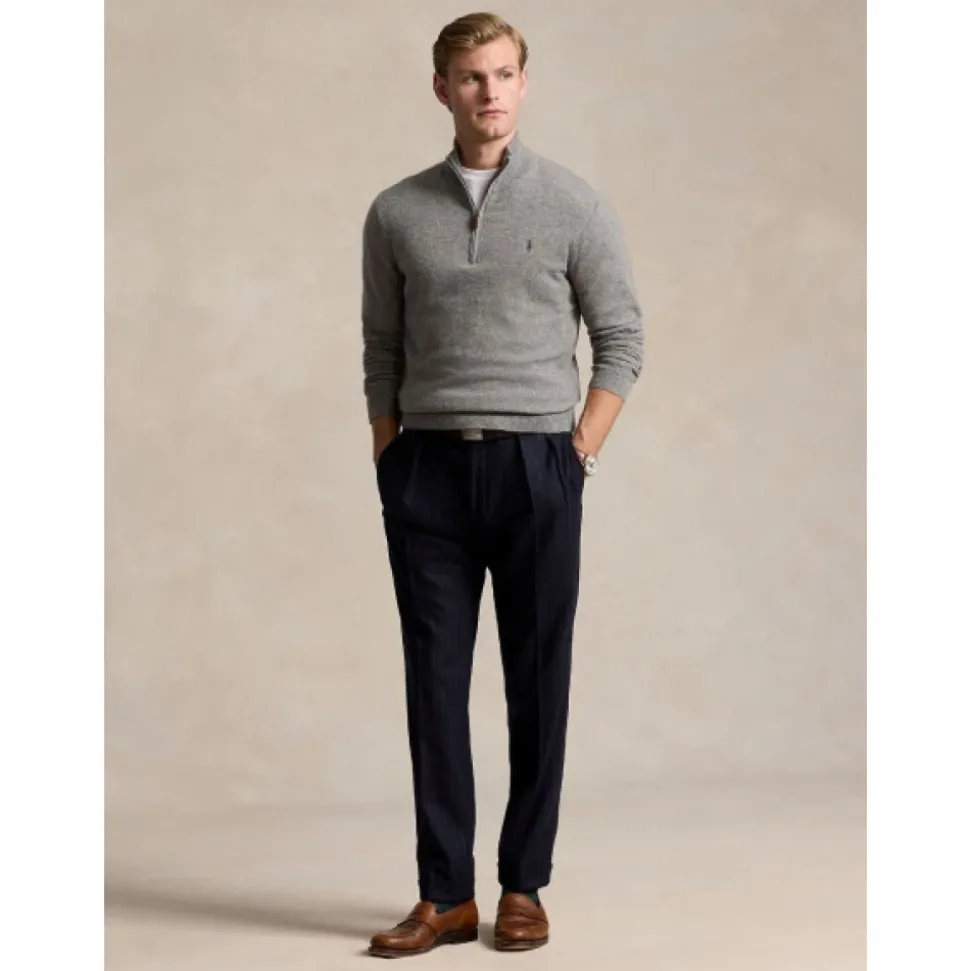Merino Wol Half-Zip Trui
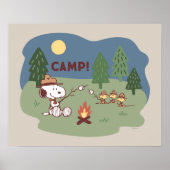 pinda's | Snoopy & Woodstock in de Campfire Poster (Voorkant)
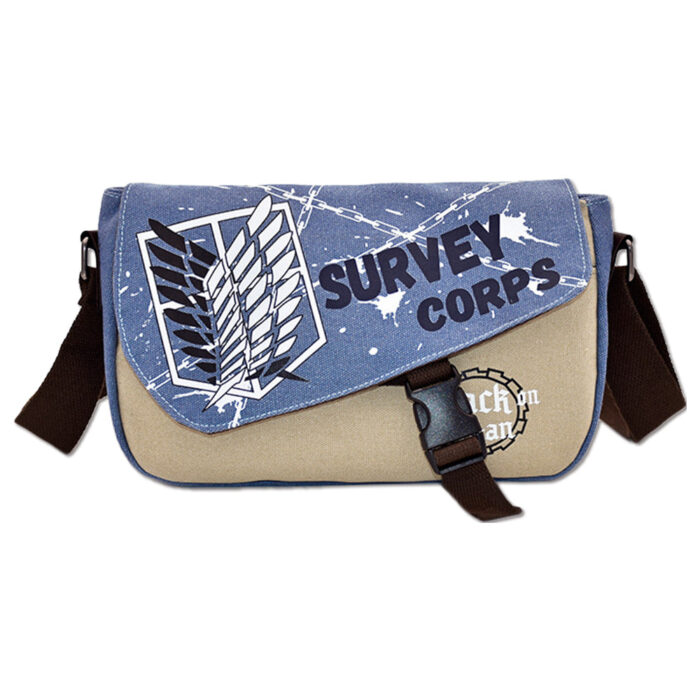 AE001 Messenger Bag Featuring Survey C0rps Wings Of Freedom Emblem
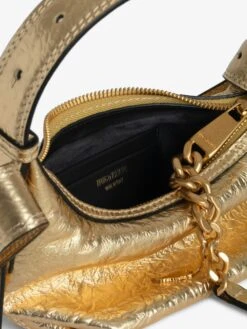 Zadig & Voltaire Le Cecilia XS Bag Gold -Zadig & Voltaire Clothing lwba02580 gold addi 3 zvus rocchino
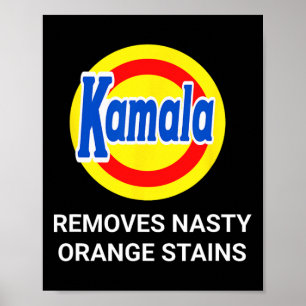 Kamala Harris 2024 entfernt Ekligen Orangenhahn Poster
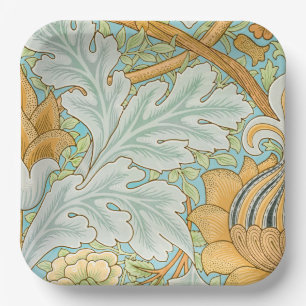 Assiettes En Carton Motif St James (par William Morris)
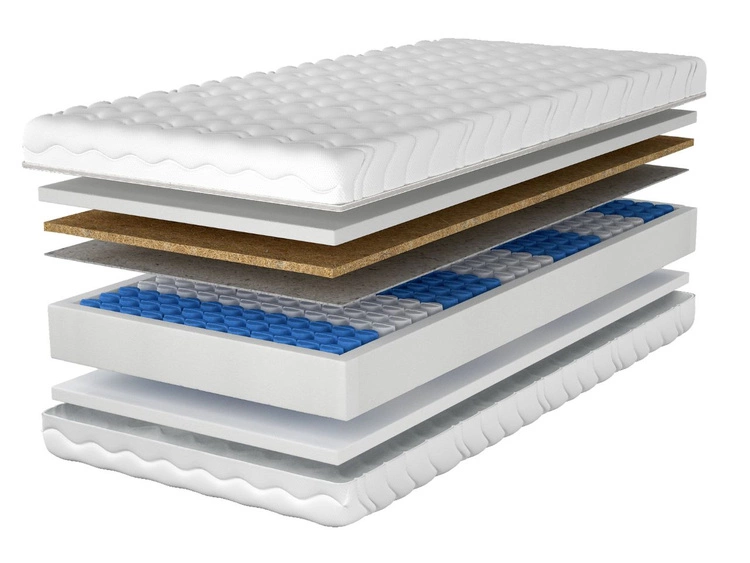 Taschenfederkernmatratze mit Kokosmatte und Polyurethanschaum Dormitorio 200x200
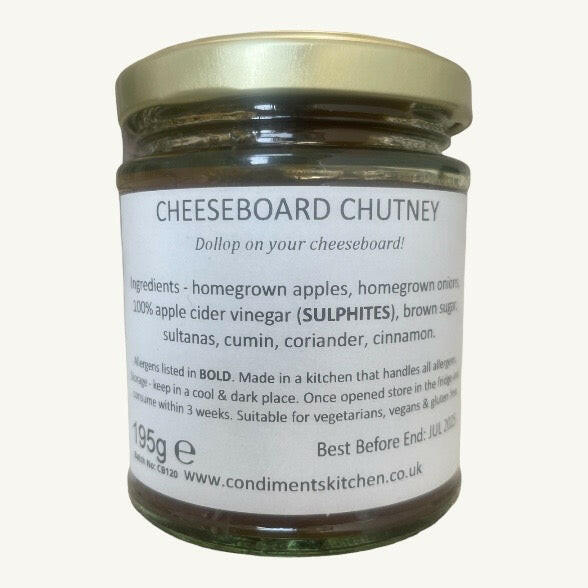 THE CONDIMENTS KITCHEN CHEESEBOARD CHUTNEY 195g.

★ ★ ★ ★

_AIM OF THE TASK_.
Retype the line containing "Kamala Harris 2024" and all lines after it to the end of the material, exactly as written, leaving out any pictures.

_WRITTEN RESPONSE_.
 Kamala Harris 2024 entfernt Ekligen Orangenhahn Poster
 Assiettes En Carton Motif St James (par William Morris)
 Taschenfederkernmatratze mit Kokosmatte und Polyurethanschaum Dormitorio 200x200
 THE CONDIMENTS KITCHEN CHEESEBOARD CHUTNEY 195g.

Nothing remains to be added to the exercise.